では,nodeで検索して「Node.js Modules」をインストールしてください.Node.js Modulesは,Node.jsの機能をインテリセンスを自動的に表示してくれます.
#Node.jsでの開発
Node.jsはクライアントサイド・サーバサイドの両方の開発が可能な開発環境です.Javascriptで動作するので既存のブラウザだけでなく,Electronを使ったアプリ開発も行えます.
##VSCodeでプロジェクトの準備
VSCodeではフォルダをD&Dするとプロジェクトとして認識します.VSCodeでファイルマネージャを選択し,空のフォルダをD&Dすると以下の画像のようになります.
ファイルマネージャで「anything」フォルダをD&Dしました.これでプロジェクトとして管理できるようになります.
##ターミナルでNode.js環境を構築する
VSCodeでは,DOSコマンドプロンプトのようなターミナルをVSCode内で使うことができます.Ctrl+@
もしくは,[表示]->[統合ターミナル]を選択するとターミナルが開きます.
私の環境ではpowershellがターミナルとして選択されています.powershell以外にもGitBashなどもありますが,今回はpowershellで実行します.
ここでは,Node.jsの環境を構築するため,以下のコマンドを実行してください.
npm init -y
日本語のフォルダを投げるとエラーを吐くので注意してください.npm init -y
を実行すると,自動的にpackage.jsonが作成されます.
npmとは,Node.jsの管理コマンドです.プロジェクトの管理だけでなく,パッケージ等々の管理を行うコマンドになります.npm help
を実行すると,npmで実行可能なコマンド一覧を見ることができます.
npm init
は,プロジェクトの初期化を行うためのコマンドになります.npm init
を実行することで,Node.jsの開発環境が準備できます.
-y
というオプションはnpm init
で聞かれることをすべてyesで返答するオプションです.試しにnpm init
のみを実行してみてください.
##Javascriptの実行
開発をしようと思うのですが,いまのところpackage.jsonしかフォルダに入っていません.まず開発を行う前にpackage.jsonを確認します.
{
"name": "anything",
"version": "1.0.0",
"description": "",
"main": "index.js",
"scripts": {
"test": "echo \"Error: no test specified\" && exit 1"
},
"keywords": [],
"author": "",
"license": "ISC"
}
私の環境では,以上のようなコードが書かれています.JSONとは,設定やデータを入れるための表記方法の一つです.
nameではanythingが入っていますが,これはアプリケーション名です.説明すると長くなるので「main」という項目を見てください.「main」には「index.js」と書かれています.「main」はアプリケーションとして最初に実行されるファイルを指定します.今回はJavascriptでの開発なので,「index.js」が指定されています.

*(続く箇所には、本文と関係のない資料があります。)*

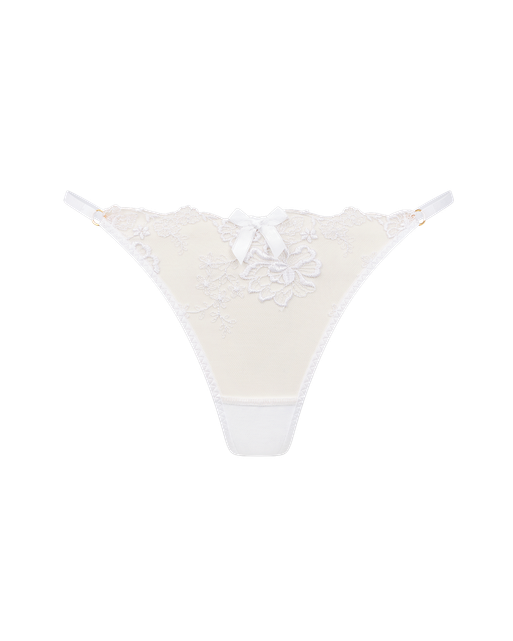 Melanie Thong White/Sand | Agent Provocateur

この「main」という項目はフレームワークを使う上で非常に重要になるので覚えてください.
ファイルエクスプローラで新しいファイルとして「index.js」を作成し,以下の内容を記述してください.
'use strict';
console.log('hello, world!');
これで準備が整いました.スクリプト言語のようにJavascriptを実行するにはnode
コマンドを使います.
node index.js
これでターミナルに「hello, world!」が表示されれば,Javascriptだけを実行できるようになります.
##本格的な開発をしたい
Node.jsでちゃんとした開発をする場合,だいたいフレームワークを使うことになると思います.Node.jsはクライアントサイド・サーバサイドの開発環境なので,クライアントとサーバの両方で開発ができます.
例えば,最近のWebサービスではJavascriptがよく使われていますが,ブラウザで表示している部分をクライアントサイド,サーバでデータベースなどの処理をしている部分がサーバサイドになります.
当然ですが,クライアントとサーバで両方にフレームワークが存在します.また,両方同時にこなすようなフレームワークも存在します.使い方それぞれで覚えるのが大変なので,今回はElectronについて説明します.
Electronとは,Chromiumブラウザをクライアント環境で実行するためのフレームワークです.要するに,ガワ部分をブラウザにし,内部の表示をHTMLとJavascriptを使うことによって,あたかもデスクトップアプリケーションのように見せかけるフレームワークです.
ここまでの説明がわかれば以下の記事からElectronを導入することができます.
https://qiita.com/Quramy/items/a4be32769366cfe55778
##おわりに
VSCodeは強力ですし,Node.jsも便利です.しかし,Node.jsはバックエンドとフロントエンドの両方の側面を持ち合わせます.例えば,Node.jsのパッケージをインストールしても動かないことが多いです.そのために設定を書いてパッケージとパッケージの架け橋を書かなければならないことがあります.
なので,私としてはNode.jsとの付き合い方として,コードを書いているときはフロントエンド,Node.jsの管理をしているときはバックエンドという気持ちで向き合うことが一番だと考えます.特に,楽をするために苦労をするという部分が多いです.
例えば,gulpというタスクランナーがあります.gulpは設定で記述した内容を自動実行するためのパッケージです.クライアント環境ではrequireという予約語が実行できません.requireによるコード依存を解消するためにbrowserifyというパッケージがあります.browserify自体は独立しているのですが,gulpで楽をするために設定を書かなければなりません.
このように様々なパッケージを使う都合上,上位依存しているパッケージが存在するとその設定を書くことが多くなります.「Node.jsはいつまでたってもコードが書けない!」のではなく,コードを書く準備が足りていないということになります.準備をしているのか,コードを書いているのか,切り分けて考えるようにしましょう.
以上で,VSCodeでNode.jsを導入する説明になります.お疲れ様でした.